We know and I am sure the Reform Party knows this is not the case. The United States has the highest crime rate and the most violent crimes in the western world. It executes and jails more people than any other in western society. Surely the Reform Party would not want to trade the safety of our streets in Canada for that of the United States.
One of the biggest problems we have with the issue of crime is the perception created by the American and our own news media. They create a perception that in Canada we are living in a society where crime and violence are much more prevalent than the statistics indicate. Canada is not the United States.
Our society is much less crime infested than the United States. We do a disservice when we pander and reinforce misconceptions. I would suggest that the Reform Party is pandering to misconceptions. I would further suggest the debate on firearms we are engaged in today is driven by the images of
gun laws in the U.S., along with its horrendous crime statistics, rather than by the reality in Canada.
There is no question that our justice system needs improvement, but in reality we have one of the best justice systems in the world. To continually attack the integrity of our justice system as the Reform Party does is to undermine it. If Canadians were to believe that our justice system does not work they would not report crimes and would not sit on juries. If the public is not supported the justice system breaks down.
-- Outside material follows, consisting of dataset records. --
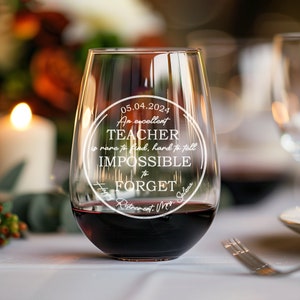 Custom Teacher Retirement Wine Glass - Personalized Appreciation Teacher Leaving Gifts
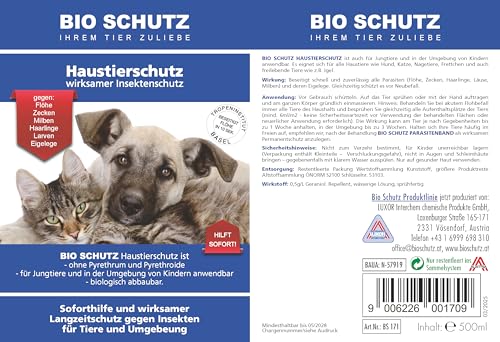 Haustier-Schutz Spray 500ML BIO SCHUTZ FÜR FLÖHE + ZECKEN; Milben, Haarlinge Beseitigt auch Larven und Eigelege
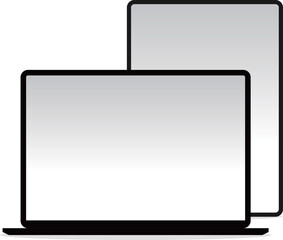 Laptop and tablet standing side by side on white background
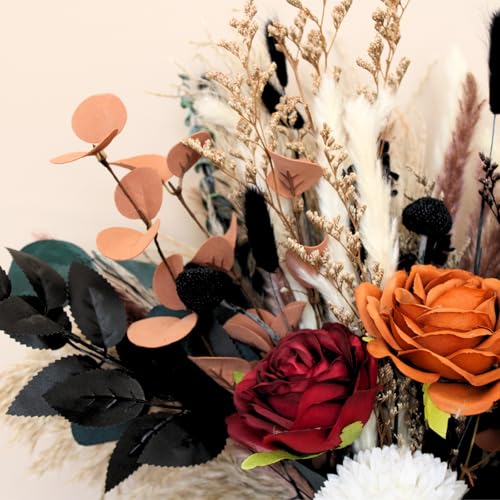 RyddeligHome Deluxe Centerpieces for Dinner Table, Fall Centerpieces for Tables, Coffee Dining Table Centerpiece Decor for Home, Christmas Thanksgiving Winter Decorations, Centro De Mesa De Otoño - size: orange bouquet in vase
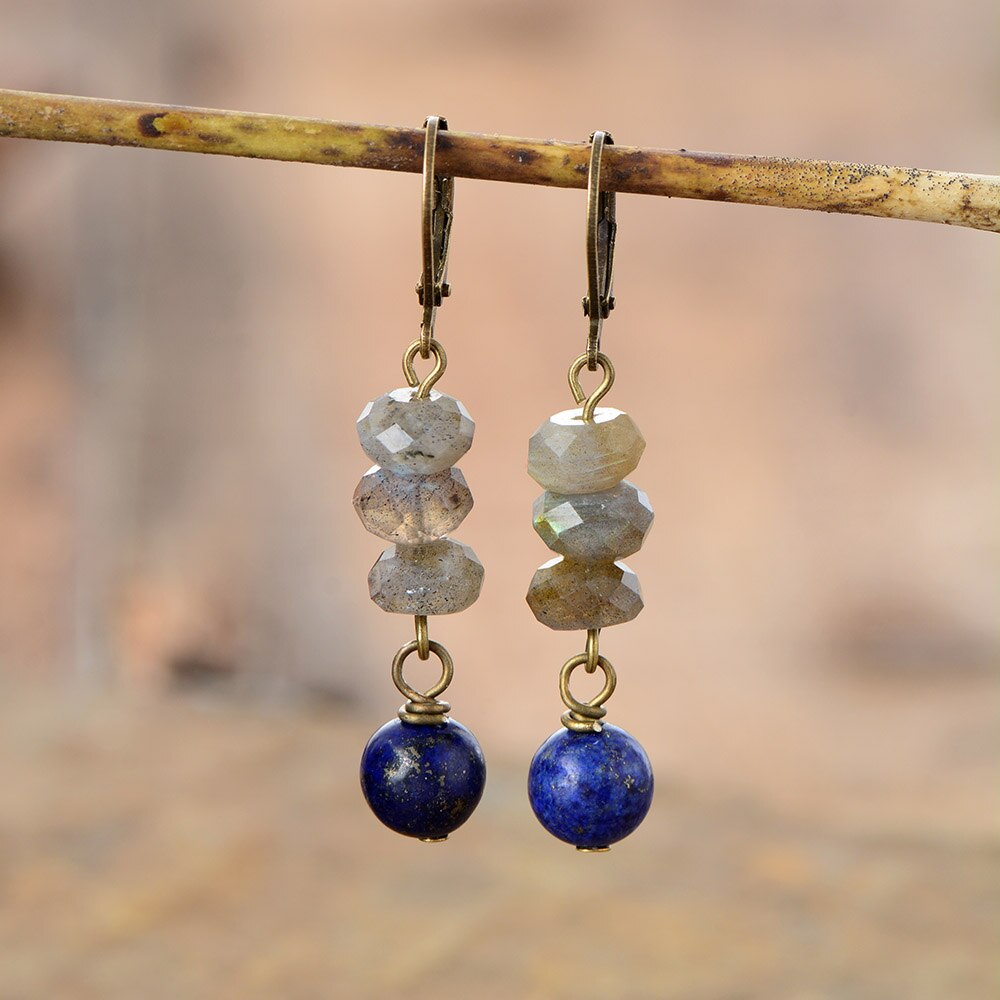 Celestial Deep Blue Dangle Earrings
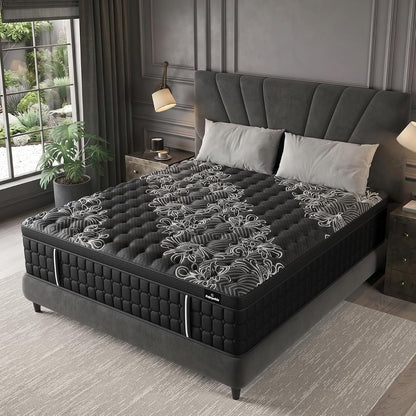 Queen Mattress 14 Inch Hybrid, Cooling-Gel Foam & Pocket Springs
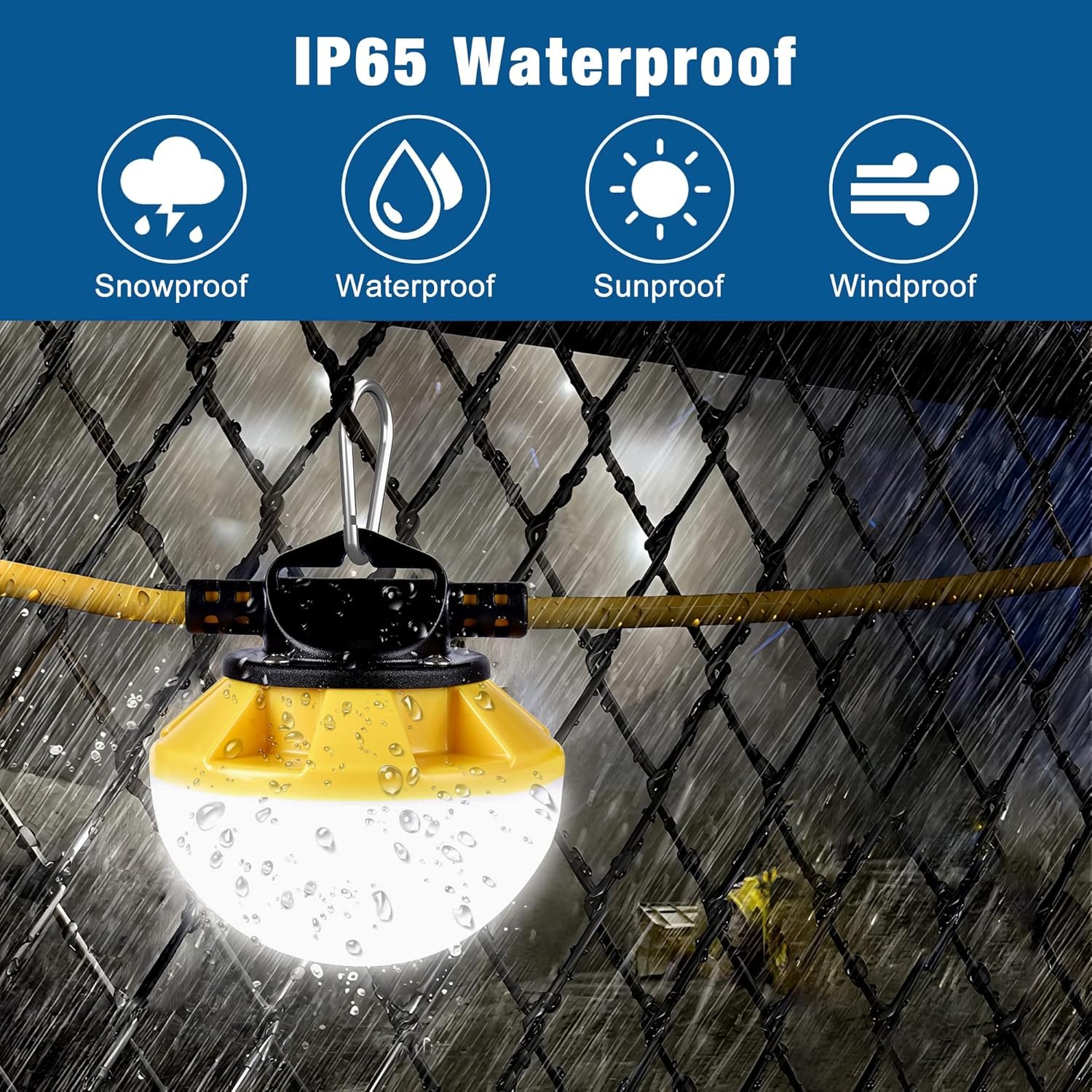 15米IP65防水LED串灯 5000K日光临时照明灯 留学生租房应急神器 钩挂5灯泡易装可连点亮深夜赶due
There is no question that one victim is one victim too many. The issue becomes how to keep our communities safe. There is no question that to deal with crime we have to make crime prevention and community safety everyone's concern.
In the Waterloo region we have one of the safest communities in Canada and we do not rest on our laurels. We have established a regional committee on crime prevention and community safety that has two main mandates. The first is to mobilize the community to fight crime, for crime prevention is everyone's responsibility. The second is to deal with prevention through programs. We all know that a child who goes to school hungry or a child who is victimized is tomorrow's offender.
The community in the Waterloo region, in co-operation with the provincial and federal governments, has to deal with this social reality. It is of interest that the strongest proponent of dealing with the root cause of crime on the Waterloo crime prevention and community safety committee representing a broad sector of our community is the police.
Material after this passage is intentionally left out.